What is needed:
Go through the following data and transcribe exactly the stretch of lines from the one holding "Krovininis sunkvežimis Scania" to the one holding "DIME Inspiration Collection", both included.

Source records:
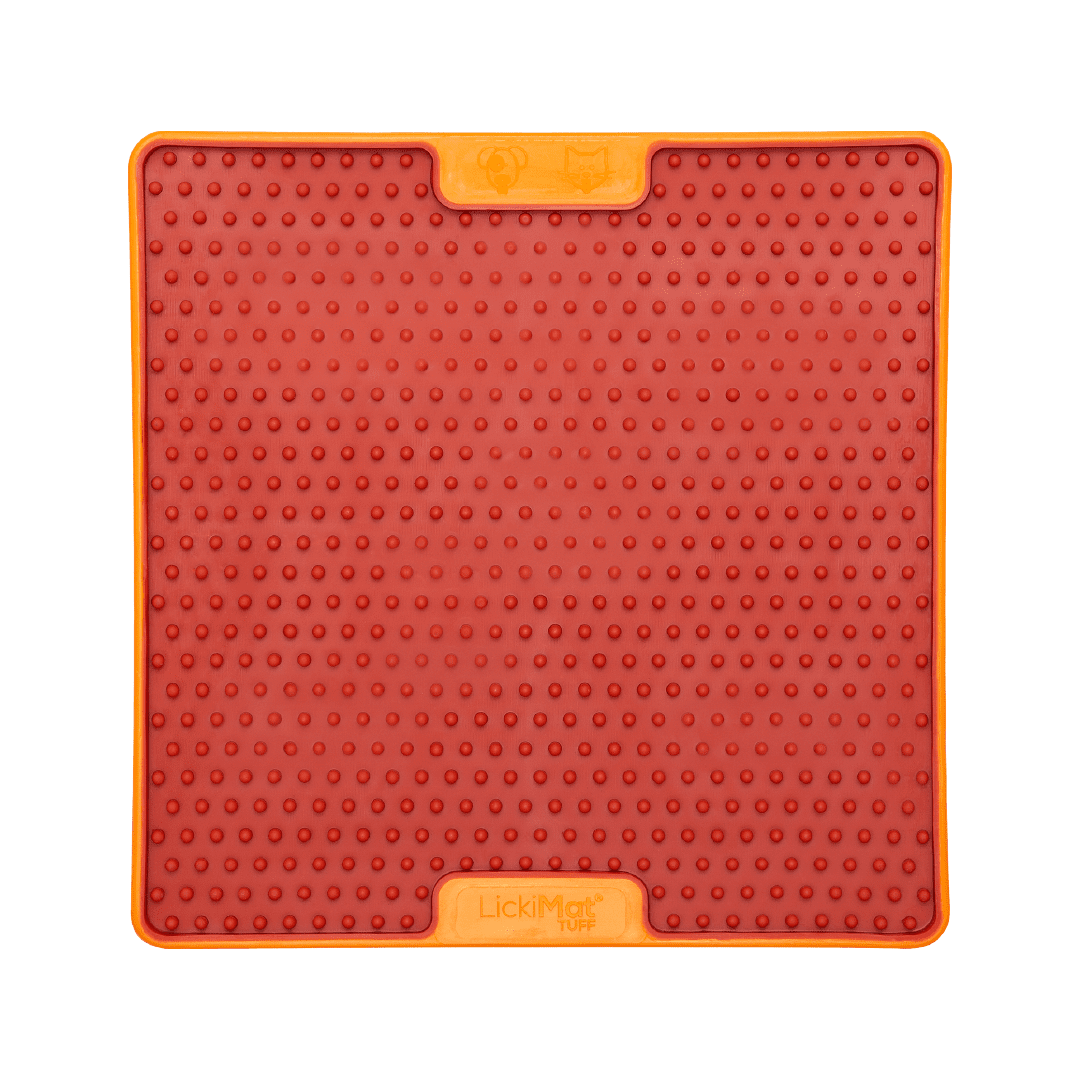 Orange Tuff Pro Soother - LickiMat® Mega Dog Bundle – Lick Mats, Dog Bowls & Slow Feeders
* * *
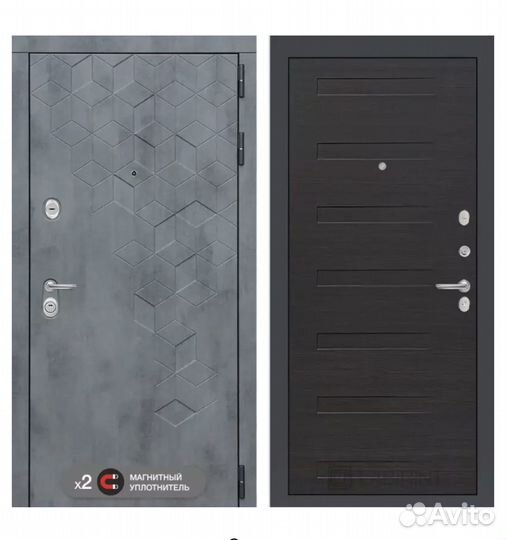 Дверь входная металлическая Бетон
--
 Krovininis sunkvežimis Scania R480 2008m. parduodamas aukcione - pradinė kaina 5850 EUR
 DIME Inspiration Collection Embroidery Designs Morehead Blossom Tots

Result of the task:
 Krovininis sunkvežimis Scania R480 2008m. parduodamas aukcione - pradinė kaina 5850 EUR
 DIME Inspiration Collection Embroidery Designs Morehead Blossom Tots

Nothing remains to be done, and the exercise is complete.